## Work order
Copy out every entry precisely.

## Data
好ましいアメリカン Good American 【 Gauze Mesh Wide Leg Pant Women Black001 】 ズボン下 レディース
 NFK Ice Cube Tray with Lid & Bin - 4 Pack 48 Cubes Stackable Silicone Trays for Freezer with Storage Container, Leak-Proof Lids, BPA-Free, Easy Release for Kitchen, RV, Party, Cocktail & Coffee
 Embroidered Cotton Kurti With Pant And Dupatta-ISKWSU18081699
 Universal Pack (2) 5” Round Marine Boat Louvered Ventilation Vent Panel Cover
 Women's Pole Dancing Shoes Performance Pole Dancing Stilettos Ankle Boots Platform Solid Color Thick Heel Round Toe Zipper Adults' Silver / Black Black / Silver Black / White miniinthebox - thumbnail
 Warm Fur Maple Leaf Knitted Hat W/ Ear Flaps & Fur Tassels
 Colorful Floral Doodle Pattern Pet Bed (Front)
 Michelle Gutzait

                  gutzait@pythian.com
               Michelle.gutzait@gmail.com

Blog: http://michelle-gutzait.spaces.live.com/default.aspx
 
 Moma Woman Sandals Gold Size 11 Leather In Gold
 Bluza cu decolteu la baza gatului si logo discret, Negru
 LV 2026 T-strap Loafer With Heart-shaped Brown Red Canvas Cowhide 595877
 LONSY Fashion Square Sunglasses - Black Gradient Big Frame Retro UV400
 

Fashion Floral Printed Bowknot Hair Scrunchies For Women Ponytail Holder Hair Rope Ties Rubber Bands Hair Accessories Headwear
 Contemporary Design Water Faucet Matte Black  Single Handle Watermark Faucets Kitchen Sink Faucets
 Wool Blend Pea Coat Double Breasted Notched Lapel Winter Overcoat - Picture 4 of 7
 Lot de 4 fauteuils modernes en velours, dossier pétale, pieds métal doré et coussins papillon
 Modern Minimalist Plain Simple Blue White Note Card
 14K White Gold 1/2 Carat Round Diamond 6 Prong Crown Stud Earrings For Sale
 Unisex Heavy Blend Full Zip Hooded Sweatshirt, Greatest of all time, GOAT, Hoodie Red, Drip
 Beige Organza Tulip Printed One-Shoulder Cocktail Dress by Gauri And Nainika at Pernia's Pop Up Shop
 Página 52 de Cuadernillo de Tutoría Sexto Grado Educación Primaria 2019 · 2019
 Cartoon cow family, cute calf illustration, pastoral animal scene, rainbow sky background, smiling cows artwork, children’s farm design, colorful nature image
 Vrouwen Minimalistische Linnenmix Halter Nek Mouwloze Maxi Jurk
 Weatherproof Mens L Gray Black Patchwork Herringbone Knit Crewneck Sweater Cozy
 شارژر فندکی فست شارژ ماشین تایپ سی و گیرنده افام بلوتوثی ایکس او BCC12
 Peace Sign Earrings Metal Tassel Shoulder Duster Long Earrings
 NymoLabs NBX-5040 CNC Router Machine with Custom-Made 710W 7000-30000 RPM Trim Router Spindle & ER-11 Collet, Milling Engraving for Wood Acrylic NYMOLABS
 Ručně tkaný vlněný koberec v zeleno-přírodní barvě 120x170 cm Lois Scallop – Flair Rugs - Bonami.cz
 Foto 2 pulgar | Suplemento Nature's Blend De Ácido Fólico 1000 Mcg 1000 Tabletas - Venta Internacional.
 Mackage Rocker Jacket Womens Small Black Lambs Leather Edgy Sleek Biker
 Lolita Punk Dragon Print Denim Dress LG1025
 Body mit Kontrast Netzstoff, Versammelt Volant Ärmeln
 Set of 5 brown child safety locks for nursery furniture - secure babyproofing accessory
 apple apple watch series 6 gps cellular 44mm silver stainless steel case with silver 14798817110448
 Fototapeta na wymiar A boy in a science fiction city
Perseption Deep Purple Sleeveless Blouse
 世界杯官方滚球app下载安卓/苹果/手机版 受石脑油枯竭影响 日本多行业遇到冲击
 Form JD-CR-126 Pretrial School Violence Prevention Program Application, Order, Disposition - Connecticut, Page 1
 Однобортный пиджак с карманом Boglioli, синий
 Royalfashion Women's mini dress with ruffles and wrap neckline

## Reply
好ましいアメリカン Good American 【 Gauze Mesh Wide Leg Pant Women Black001 】 ズボン下 レディース
 NFK Ice Cube Tray with Lid & Bin - 4 Pack 48 Cubes Stackable Silicone Trays for Freezer with Storage Container, Leak-Proof Lids, BPA-Free, Easy Release for Kitchen, RV, Party, Cocktail & Coffee
 Embroidered Cotton Kurti With Pant And Dupatta-ISKWSU18081699
 Universal Pack (2) 5” Round Marine Boat Louvered Ventilation Vent Panel Cover
 Women's Pole Dancing Shoes Performance Pole Dancing Stilettos Ankle Boots Platform Solid Color Thick Heel Round Toe Zipper Adults' Silver / Black Black / Silver Black / White miniinthebox - thumbnail
 Warm Fur Maple Leaf Knitted Hat W/ Ear Flaps & Fur Tassels
 Colorful Floral Doodle Pattern Pet Bed (Front)
 Michelle Gutzait

                  gutzait@pythian.com
               Michelle.gutzait@gmail.com

Blog: http://michelle-gutzait.spaces.live.com/default.aspx
 
 Moma Woman Sandals Gold Size 11 Leather In Gold
 Bluza cu decolteu la baza gatului si logo discret, Negru
 LV 2026 T-strap Loafer With Heart-shaped Brown Red Canvas Cowhide 595877
 LONSY Fashion Square Sunglasses - Black Gradient Big Frame Retro UV400
 

Fashion Floral Printed Bowknot Hair Scrunchies For Women Ponytail Holder Hair Rope Ties Rubber Bands Hair Accessories Headwear
 Contemporary Design Water Faucet Matte Black  Single Handle Watermark Faucets Kitchen Sink Faucets
 Wool Blend Pea Coat Double Breasted Notched Lapel Winter Overcoat - Picture 4 of 7
 Lot de 4 fauteuils modernes en velours, dossier pétale, pieds métal doré et coussins papillon
 Modern Minimalist Plain Simple Blue White Note Card
 14K White Gold 1/2 Carat Round Diamond 6 Prong Crown Stud Earrings For Sale
 Unisex Heavy Blend Full Zip Hooded Sweatshirt, Greatest of all time, GOAT, Hoodie Red, Drip
 Beige Organza Tulip Printed One-Shoulder Cocktail Dress by Gauri And Nainika at Pernia's Pop Up Shop
 Página 52 de Cuadernillo de Tutoría Sexto Grado Educación Primaria 2019 · 2019
 Cartoon cow family, cute calf illustration, pastoral animal scene, rainbow sky background, smiling cows artwork, children’s farm design, colorful nature image
 Vrouwen Minimalistische Linnenmix Halter Nek Mouwloze Maxi Jurk
 Weatherproof Mens L Gray Black Patchwork Herringbone Knit Crewneck Sweater Cozy
 شارژر فندکی فست شارژ ماشین تایپ سی و گیرنده افام بلوتوثی ایکس او BCC12
 Peace Sign Earrings Metal Tassel Shoulder Duster Long Earrings
 NymoLabs NBX-5040 CNC Router Machine with Custom-Made 710W 7000-30000 RPM Trim Router Spindle & ER-11 Collet, Milling Engraving for Wood Acrylic NYMOLABS
 Ručně tkaný vlněný koberec v zeleno-přírodní barvě 120x170 cm Lois Scallop – Flair Rugs - Bonami.cz
 Foto 2 pulgar | Suplemento Nature's Blend De Ácido Fólico 1000 Mcg 1000 Tabletas - Venta Internacional.
 Mackage Rocker Jacket Womens Small Black Lambs Leather Edgy Sleek Biker
 Lolita Punk Dragon Print Denim Dress LG1025
 Body mit Kontrast Netzstoff, Versammelt Volant Ärmeln
 Set of 5 brown child safety locks for nursery furniture - secure babyproofing accessory
 apple apple watch series 6 gps cellular 44mm silver stainless steel case with silver 14798817110448
 Fototapeta na wymiar A boy in a science fiction city
Perseption Deep Purple Sleeveless Blouse
 世界杯官方滚球app下载安卓/苹果/手机版 受石脑油枯竭影响 日本多行业遇到冲击
 Form JD-CR-126 Pretrial School Violence Prevention Program Application, Order, Disposition - Connecticut, Page 1
 Однобортный пиджак с карманом Boglioli, синий
 Royalfashion Women's mini dress with ruffles and wrap neckline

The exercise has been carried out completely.